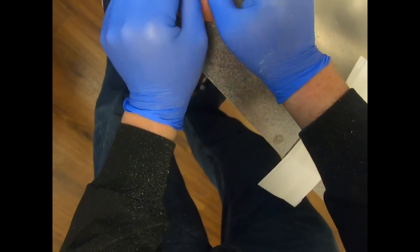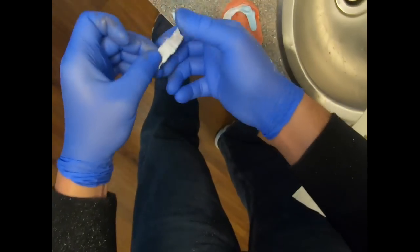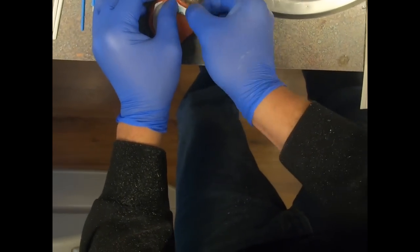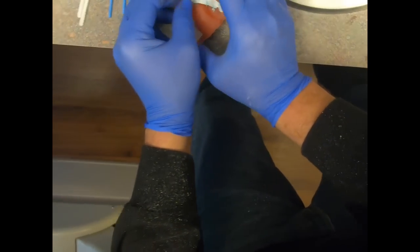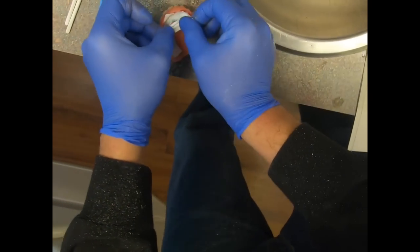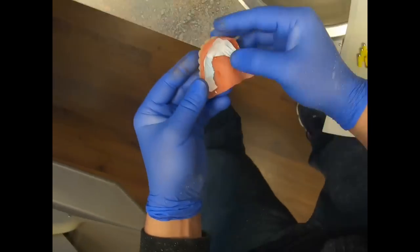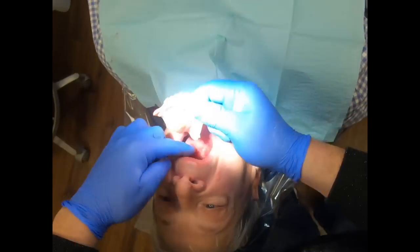The first is it makes it so that the bite registration material won't get stuck onto the tie bases, and the second is that it allows us to remove the prosthesis, the denture, before the bite registration material sets up.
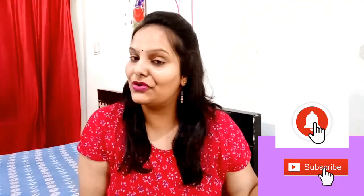Please watch this video. I will share some tips with you on how to store it for a long time and use it in different recipes. Please like this video and subscribe to the channel and press the bell icon.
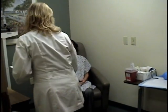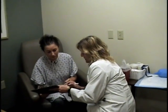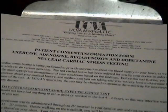Before we begin we will explain the exam to you. Please do not hesitate to ask any questions. Once your questions have been answered we will require that you sign a consent form.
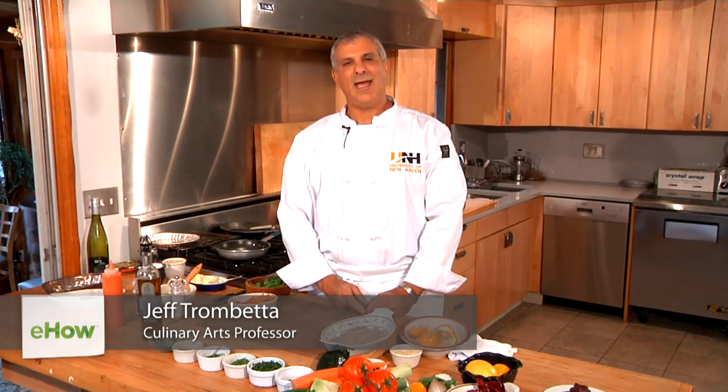Hi, I'm Chef Jeff Trombetta from the University of New Haven in Connecticut, and today I'm going to show you how to make grilled tilapia. Let's get started on this very simple preparation.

TO DO
Word for word, please, restate the lines of the listing from the one holding "Please watch this" down to the last line, leaving out any pictures.

REPLY TO THE EXERCISE
Please watch this video. I will share some tips with you on how to store it for a long time and use it in different recipes. Please like this video and subscribe to the channel and press the bell icon.
Before we begin we will explain the exam to you. Please do not hesitate to ask any questions. Once your questions have been answered we will require that you sign a consent form.
Hi, I'm Chef Jeff Trombetta from the University of New Haven in Connecticut, and today I'm going to show you how to make grilled tilapia. Let's get started on this very simple preparation.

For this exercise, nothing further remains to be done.